[RECORDS SUPPLIED — start]
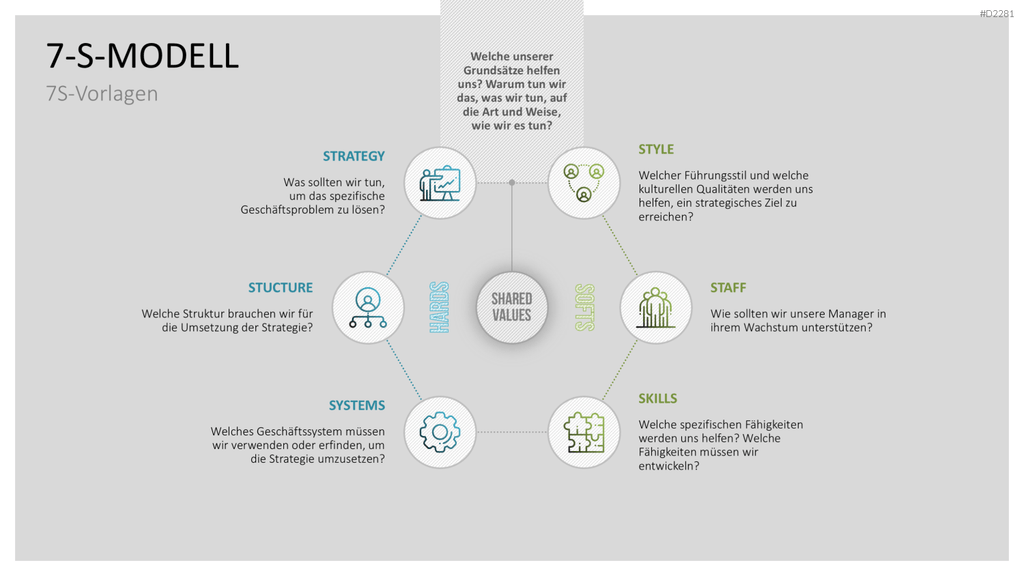 7-S-Modell PowerPoint-Vorlage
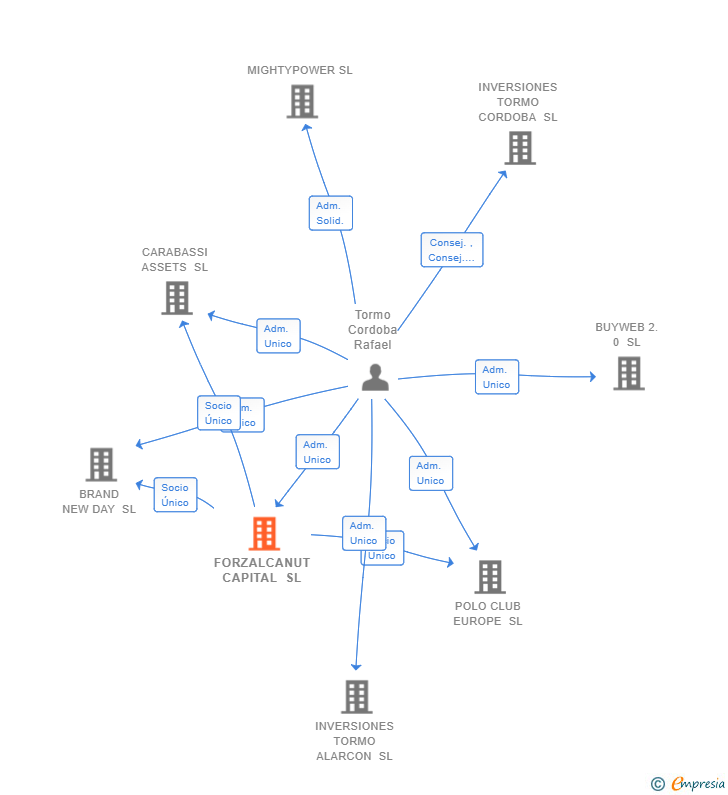 Vinculaciones societarias de FORZALCANUT CAPITAL SL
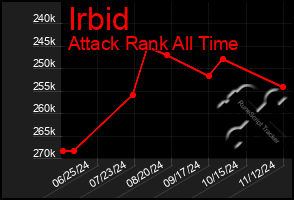 Total Graph of Irbid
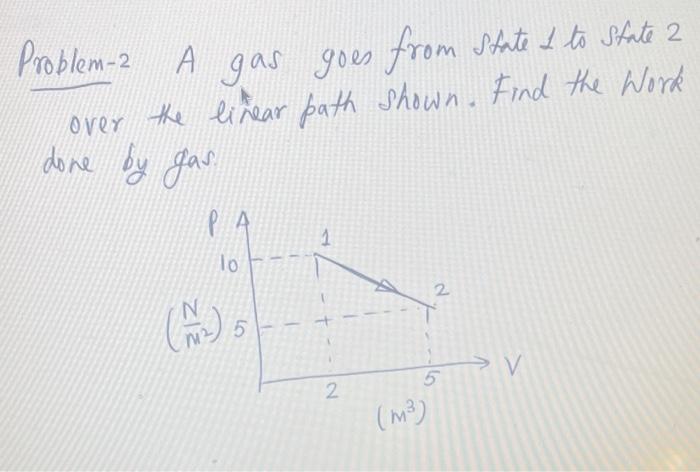 2 Problem 2 A Gas Goes From State To State 2 2 I The Linear Path Shown Find The Work Over Done By Gas Pa 1 To 2 1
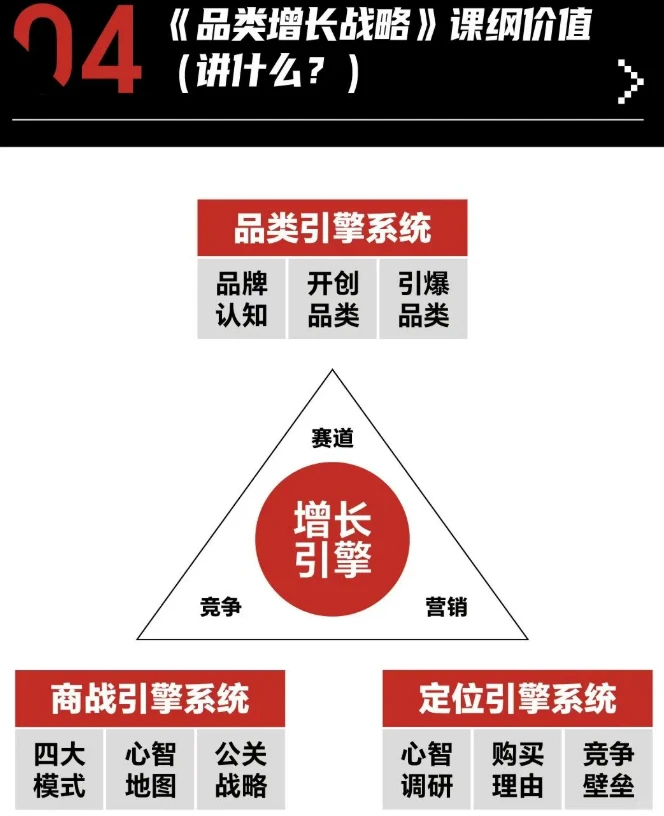 里斯品类创新战略咨询《品类增长战略》课程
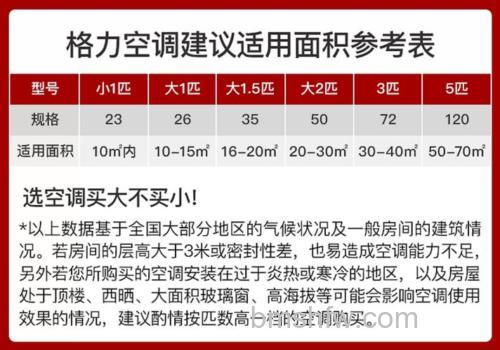 格力空调怎么样？全方位解析其优点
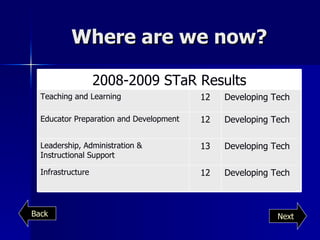 Where are we now? Next Back Developing Tech 12 Infrastructure  Developing Tech 13 Leadership, Administration & Instructional Support Developing Tech 12 Educator Preparation and Development Developing Tech 12 Teaching and Learning 2008-2009 STaR Results 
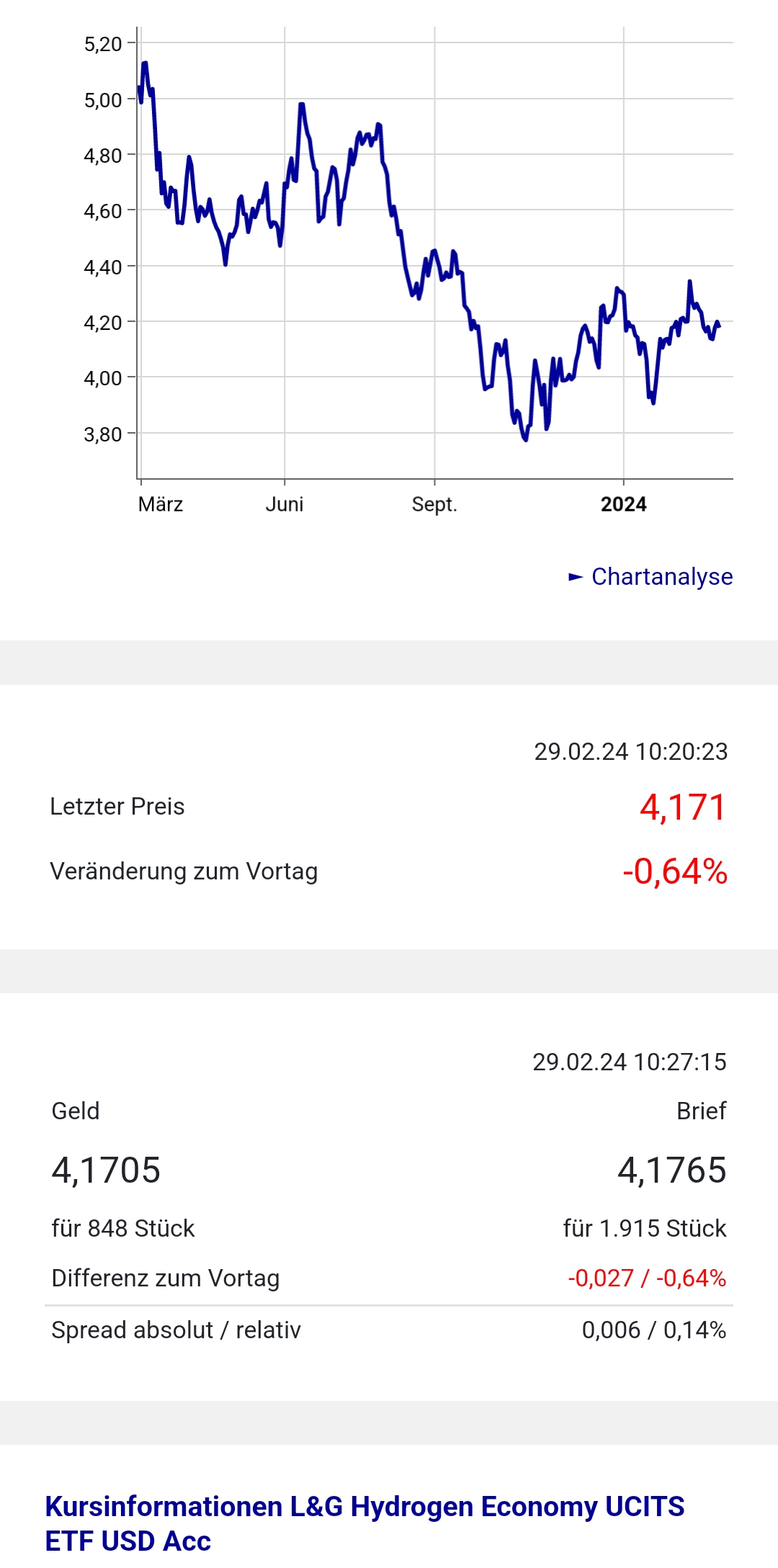 NEL, der Wasserstoffplayer aus Norwegen 1417046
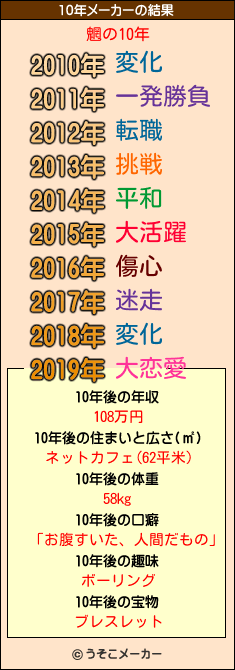 魍の10年メーカー結果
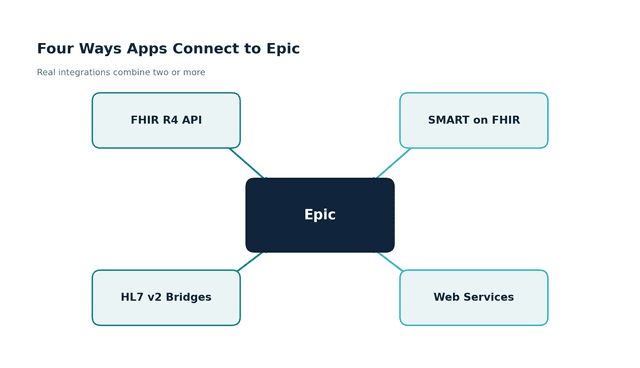 Epic F2 Function Epic FHIR Integration: Step-by-Step 2026 Guide | Nirmitee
[RECORDS SUPPLIED — finish]
TO DO: Repeat exactly the lines from the start of the entries down to the line with "格力空调怎么样？全方位解析其优点", keeping both ends but none of the pictures.

SOLUTION FOR THIS TASK:
 7-S-Modell PowerPoint-Vorlage
 Vinculaciones societarias de FORZALCANUT CAPITAL SL
 Total Graph of Irbid
 2 Problem 2 A Gas Goes From State To State 2 2 I The Linear Path Shown Find The Work Over Done By Gas Pa 1 To 2 1
 里斯品类创新战略咨询《品类增长战略》课程
 格力空调怎么样？全方位解析其优点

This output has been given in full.